:: TASK DIRECTIONS ::
Once you find the line with "Blusa Tricot Canelada Manga Longa Off e Nude" in the entries below, print it and each line after it up to and including the line with "Villa for Sale in Torrevieja, Alicante", exactly, without pictures.

:: Data records ::
=== Begin Enclosure ===

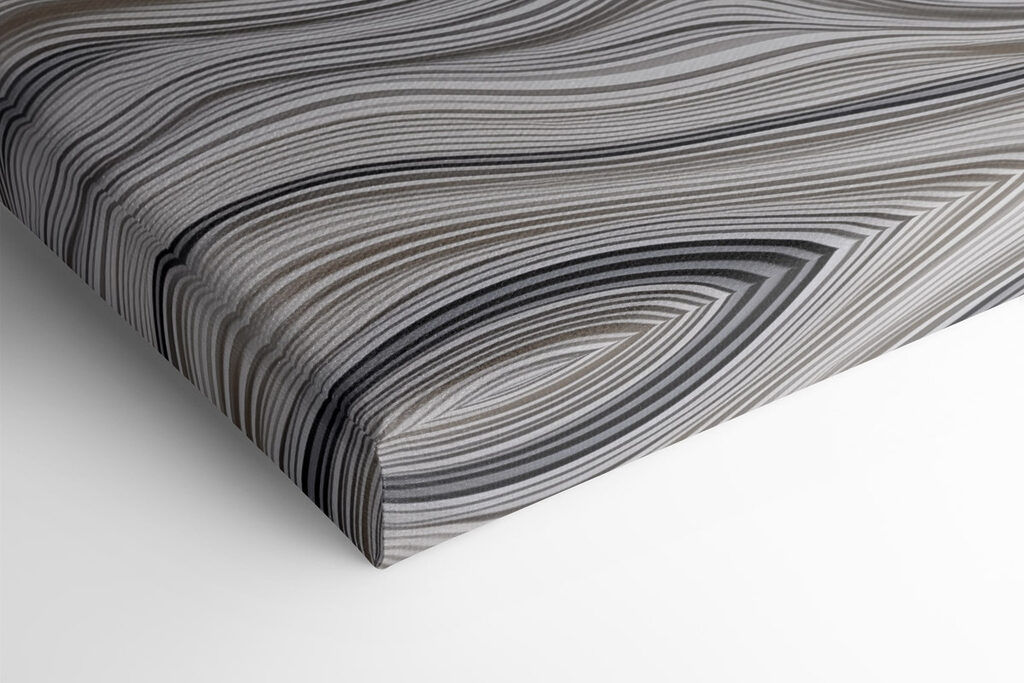 White and black wavy lines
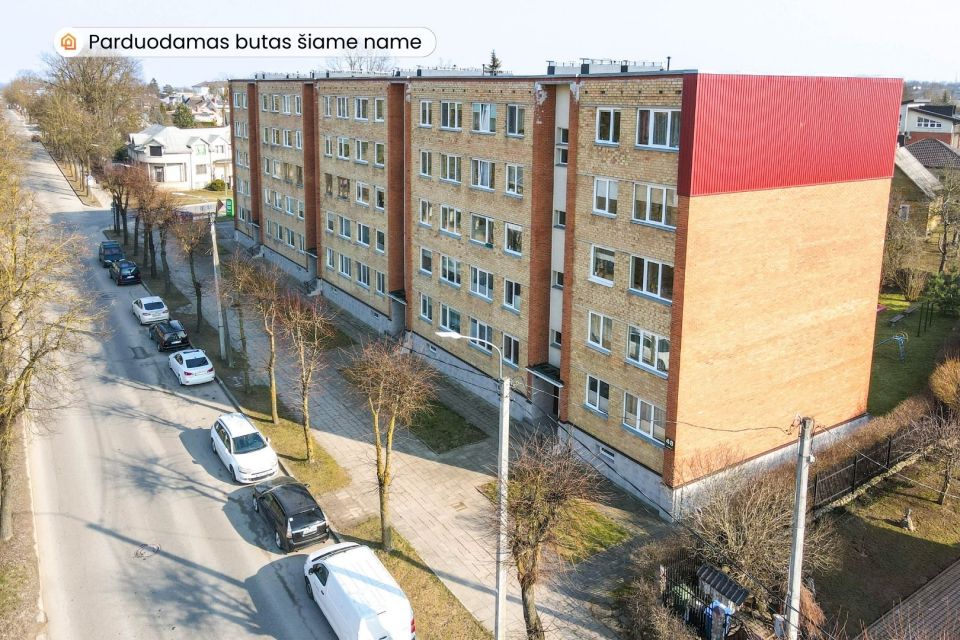 Parduodamas tvarkingas 1 kambario butas V. Kudirkos g. 48, Šiauliuose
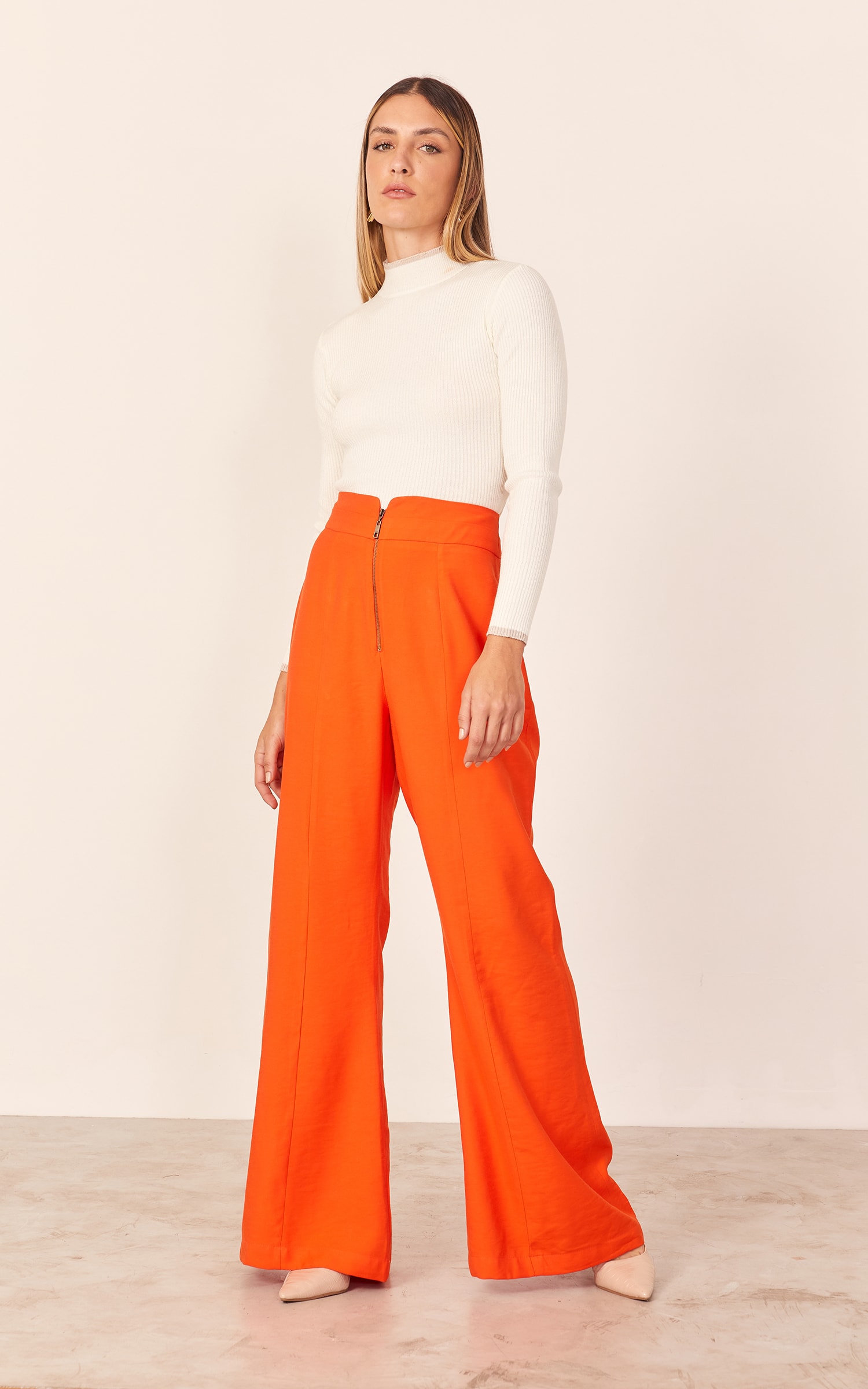 Blusa Tricot Canelada Manga Longa Off e Nude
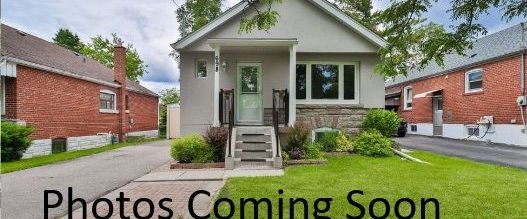 For Lease - 698 Pharmacy Avenue, Toronto, Ontario - Photo 1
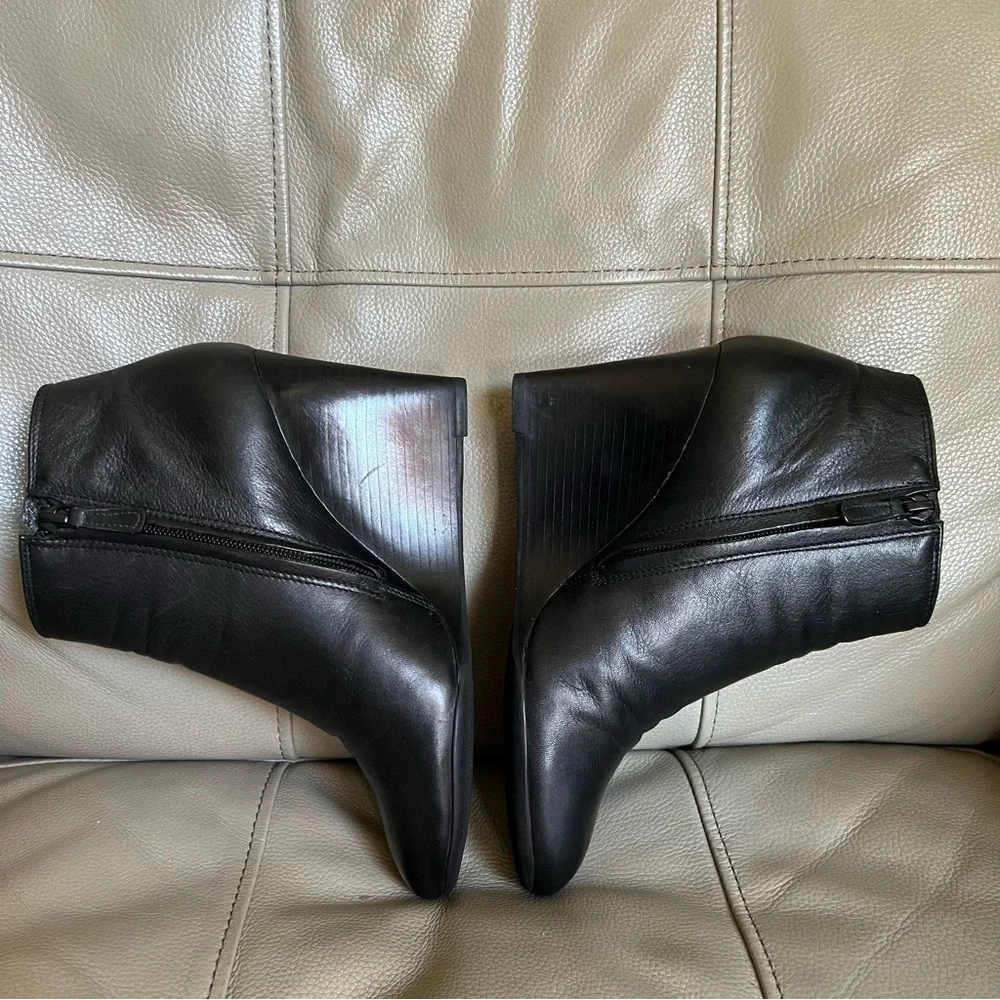 Tory Burch Black Leather Lowell Wedge Ankle Boots Sz 8.5 Classic Chic Minimalist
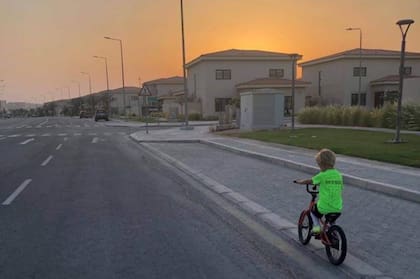 Nacho, de paseo por el barrio en Arabia Saudita.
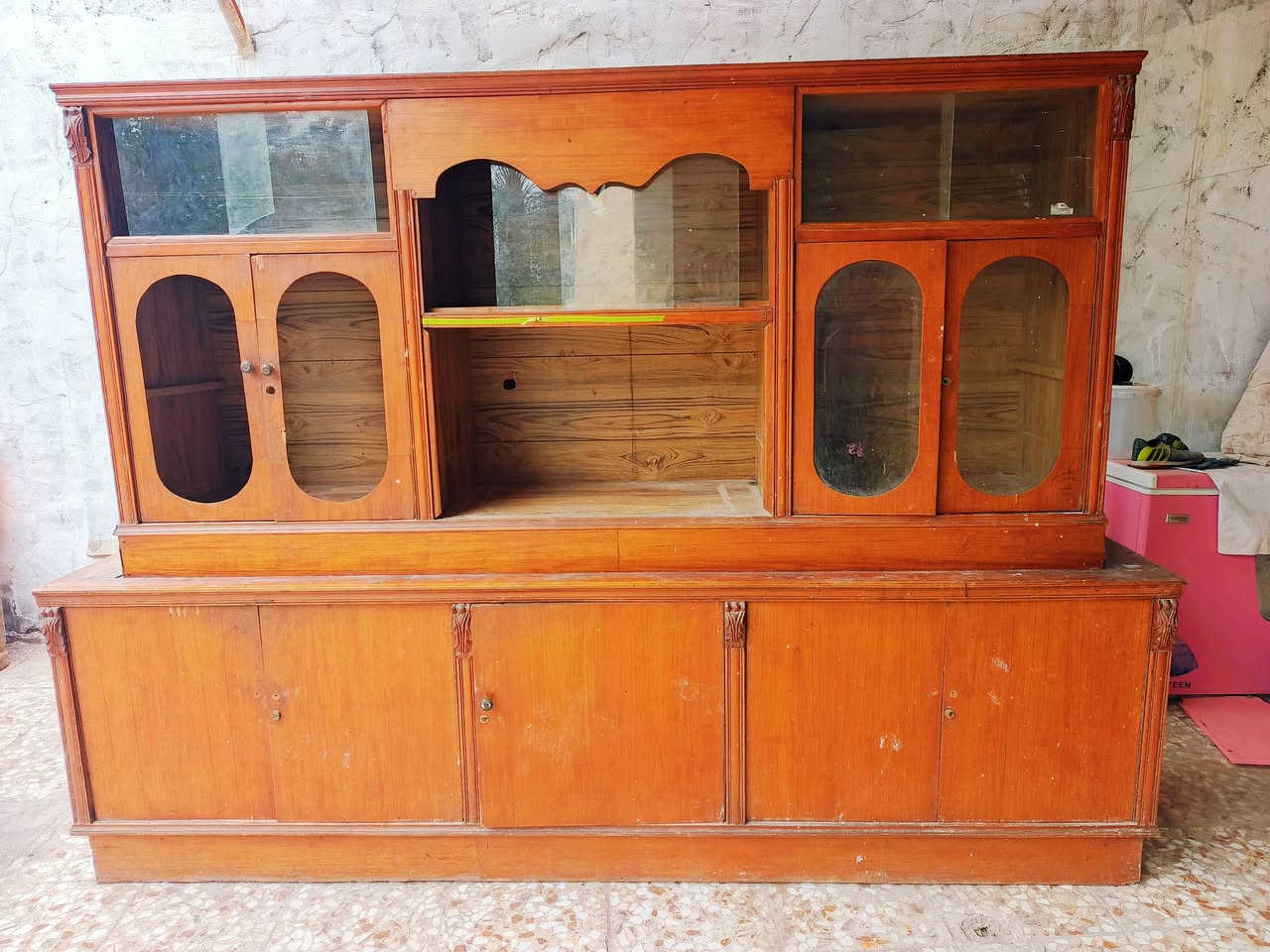 السلام عليكم معرض قطعتين للبيع
رقم ***********
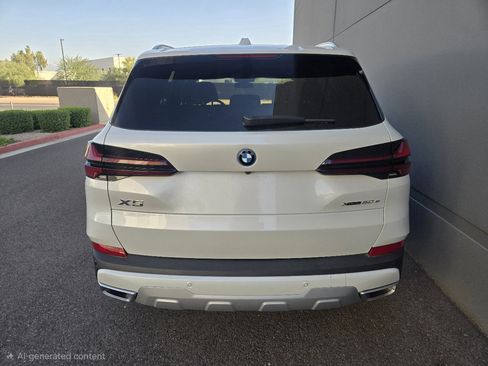 Used 2026 BMW X5 xDrive50e w/ Climate Comfort Package image 9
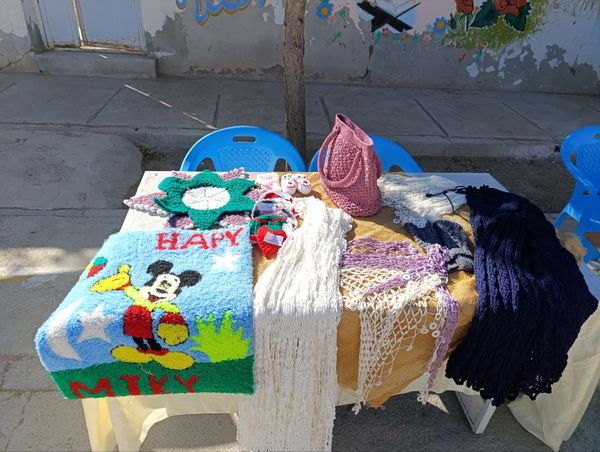 شور و هیجان هفته فرهنگ و هنر در دبستان خدیجه کبری ابرکوه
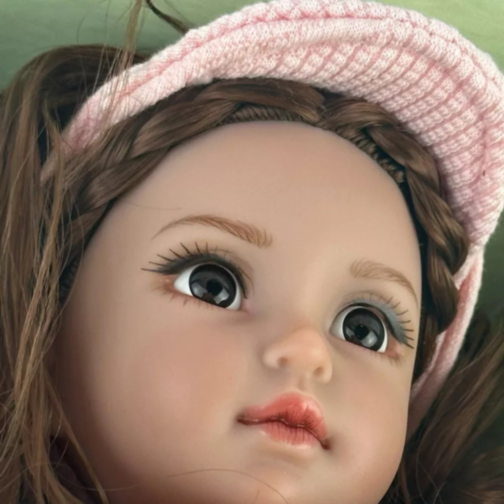 Păpușă Modernă cu Pulover Roz și Pantaloni Albi – 35 cm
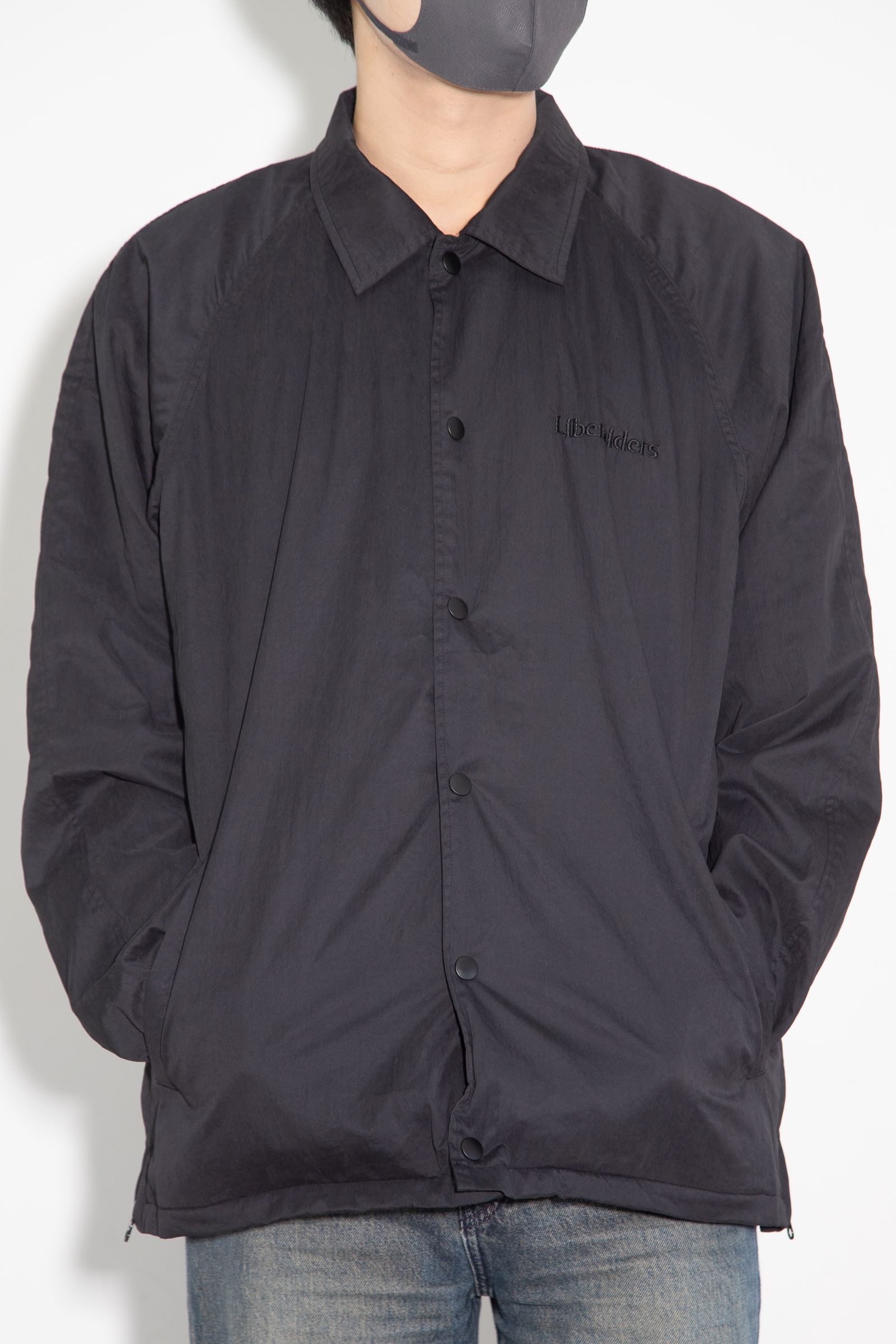 PEACH SKIN COACH JACKET / ブラック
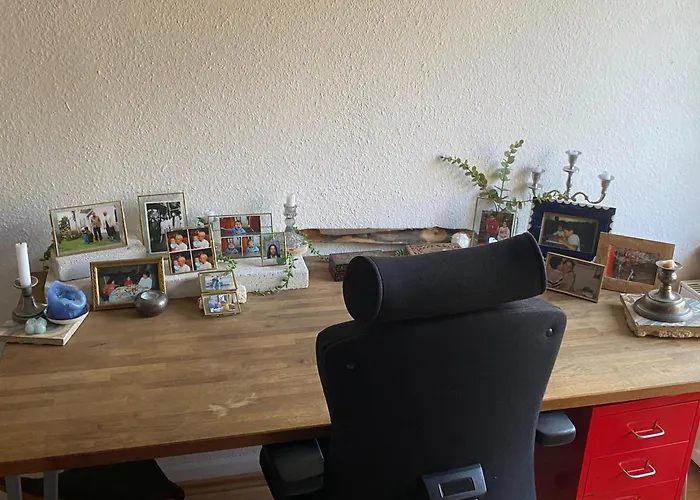 Gemuetliche Und Mit Charme Eingerichtete شقة وبرتال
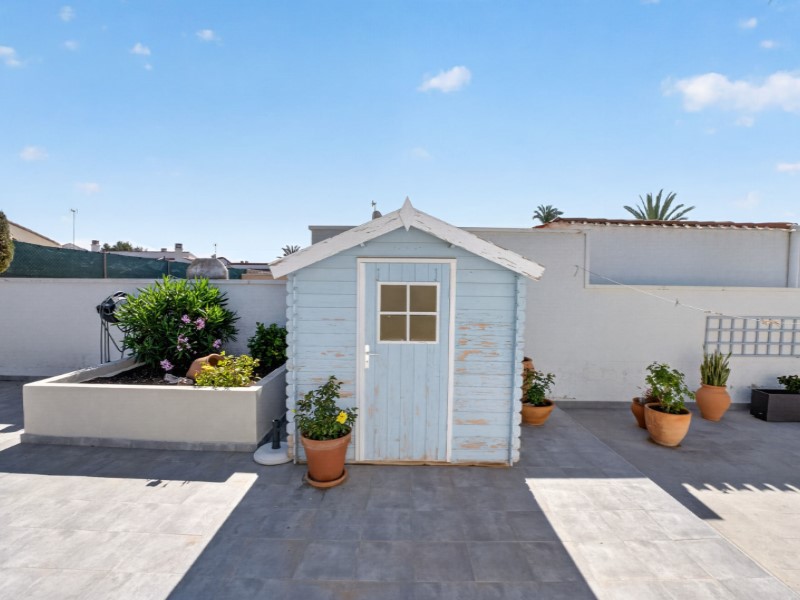 Villa for Sale in Torrevieja, Alicante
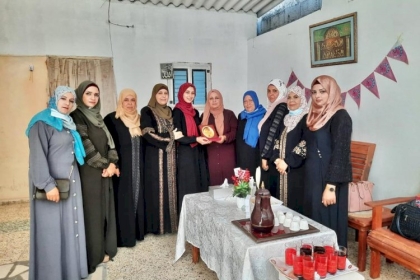 بالصور: مجلس المرأة  بمحافظة خان يونس ينفذ سلسلة زيارات للطلبة المتفوقين في اختبارات الثانوية العامة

=== End Enclosure ===

:: RESULT OF THE TASK ::
 Blusa Tricot Canelada Manga Longa Off e Nude
 For Lease - 698 Pharmacy Avenue, Toronto, Ontario - Photo 1
 Tory Burch Black Leather Lowell Wedge Ankle Boots Sz 8.5 Classic Chic Minimalist
 Nacho, de paseo por el barrio en Arabia Saudita.
 السلام عليكم معرض قطعتين للبيع
رقم ***********
 Used 2026 BMW X5 xDrive50e w/ Climate Comfort Package image 9
 شور و هیجان هفته فرهنگ و هنر در دبستان خدیجه کبری ابرکوه
 Păpușă Modernă cu Pulover Roz și Pantaloni Albi – 35 cm
 PEACH SKIN COACH JACKET / ブラック
 Gemuetliche Und Mit Charme Eingerichtete شقة وبرتال
 Villa for Sale in Torrevieja, Alicante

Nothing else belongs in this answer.